Our results indicate that while baseline CT and laboratory parameters are insufficient to predict the PET-based metabolic activity of COVID-19 pneumonia measured a median of seven days after hospital admission, the percentage of all CT lung abnormalities, IL-6, and LDH levels at follow-up examination provide helpful insights regarding the lungs’ inflammatory status. To the best of our knowledge, the current investigation is the first to assess the total inflammatory activity value in COVID-19-pneumonia. In the present study, TIA did not show markedly different correlation patterns to CT and laboratory parameters than MIV, however, the combined evaluation of metabolic extent and activity of COVID-19-pneumonia by TIA values may add further information to the understanding the occurrence of post-COVID-19 residual lung lesions.
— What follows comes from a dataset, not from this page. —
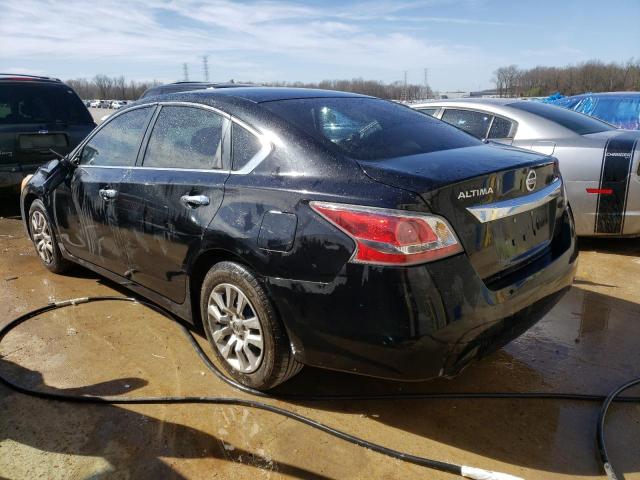 Photo 2 from auction – 2015 NISSAN ALTIMA 2.5 with VIN 1N4AL3AP4FC268796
Similarly to other microbial lung infections, acute-phase COVID-19-pneumonia presents with increased uptake in lung areas with active inflammation [10, 14, 15, 20]. Growing number of publications show a heterogeneous FDG-uptake and varied extent of active pneumonia among COVID-19 patients. Lung SUVmax was investigated by Dietz et al in their study of 13 patients with COVID-19-pneumonia, the value ranging from 4.7 to 16.3 which is comparable to the range in our study of 2.1–12.2 [14]. Furthermore, as a more reliable indicator of inflammation, we also investigated the MIV and the TIA, the latter as the product of MIV and mean SUV in the lung VOI, which both served as the endpoints when evaluating CT and laboratory parameters. MIV was included in the study of Dietz et al as “lung hypermetabolic volume” (using SUV cut-off of 4 for segmentation), ranging from 3.6 ml to 990 ml, while in our study the range of MIV (using SUV cut-off of 2 for segmentation) was between 1 ml and 1797 ml [14]. We also investigated the reproducibility of MIV segmentations, and an excellent correlation was shown between the calculations of two independent readers.
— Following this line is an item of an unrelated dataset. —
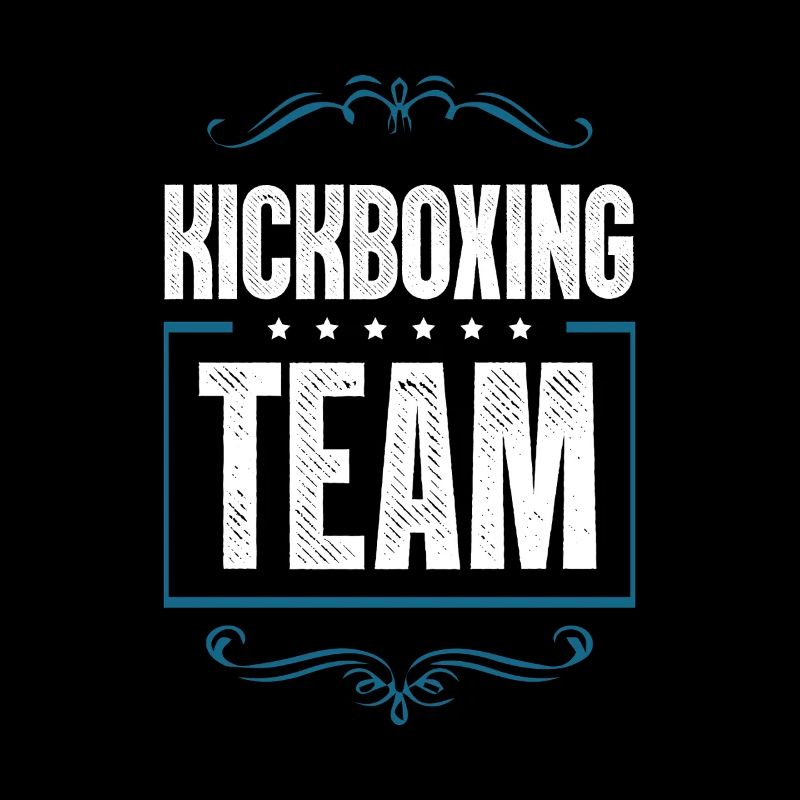 Équipe de kickboxing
CT severity score is an established tool in reporting CT scans of COVID-19 patients [18, 21]. In our study, its value at baseline CT could not accurately predict the metabolic extent of active inflammation by the PET examination (MIV), performed a median of seven days later. However, the CT severity scores on the follow-up CT showed better correlation with MIV values of the PET component.
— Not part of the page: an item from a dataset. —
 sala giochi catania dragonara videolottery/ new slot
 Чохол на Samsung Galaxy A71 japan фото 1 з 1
Software tools based on DL can be utilized to automatically or semi-automatically segment lung lesions in COVID-19 pneumonia [17, 22–24]. We implemented a DL-based algorithm for quantitative assessment of pneumonia, developed at the Cedars-Sinai Medical Center (Los Angeles, CA, USA) [17]. Correlation of DL-calculated CT inflammatory volumes and metabolic PET-parameters (MIV, TIA) were low in case of baseline CT and high in case of follow-up CT (as part of the PET/CT scan), but even in the latter case, marked differences were observed in the absolute volumetric values measured on the CT and the PET component.
Several publications indicate the relationship between elevated levels of CRP, LDH, and IL-6 and the clinical severity of COVID-19-pneumonia, with the first two parameters showing correlation with the extent of lung lesions on CT [25–28]. In our patient cohort, only the LDH levels at the time of the PET/CT yielded good correlation with the metabolic activity and extent of COVID-19-pneumonia, whereas baseline and follow-up IL-6 levels could be utilized in regression models.
This combination of laboratory and CT parameters – which are more widely available than PET/CT in acute infectious status – helps to better determine the inflammatory activity of COVID-19-pneumonia, as certain discrepancies frequently occur between the extent of metabolic and morphological lung lesions (Fig. 3–4).
Our study has some limitations. Despite following a pre-set patient inclusion algorithm, some spread in the intervals between baseline and follow-up scanning can be observed, coupled with the difficulty of defining the starting point of the patients’ coronavirus disease. These can result in the PET-imaging of patients in slightly different points in the course of COVID-19-pneumonia (pre-peak, peak, post-peak). Apart from individual variabilities and the inherent differences between morphological and metabolic imaging, the lack of synchronising of PET-studies at the peak disease activity may explain the moderate correlation between CT and PET volumes.
Due to ethical and scheduling considerations, patients in need of mechanical ventilation support were not selected for the study, thus excluding a patient group where medical research in early prediction of severe disease would be highly relevant. Furthermore, as all patients in this study received a specific, standard treatment, our results may not be applicable to patients with different therapeutic management - however, this homogenous patient selection strengthens the reliability of the relationship between morphological, laboratory and metabolic findings. The single-centre setup and relatively small cohort of patients may also limit the applicability of our results in different settings.
Our planned further research in this cohort is to evaluate the effect of PET-metabolic activity on residual scarring in the lung and on patient life quality.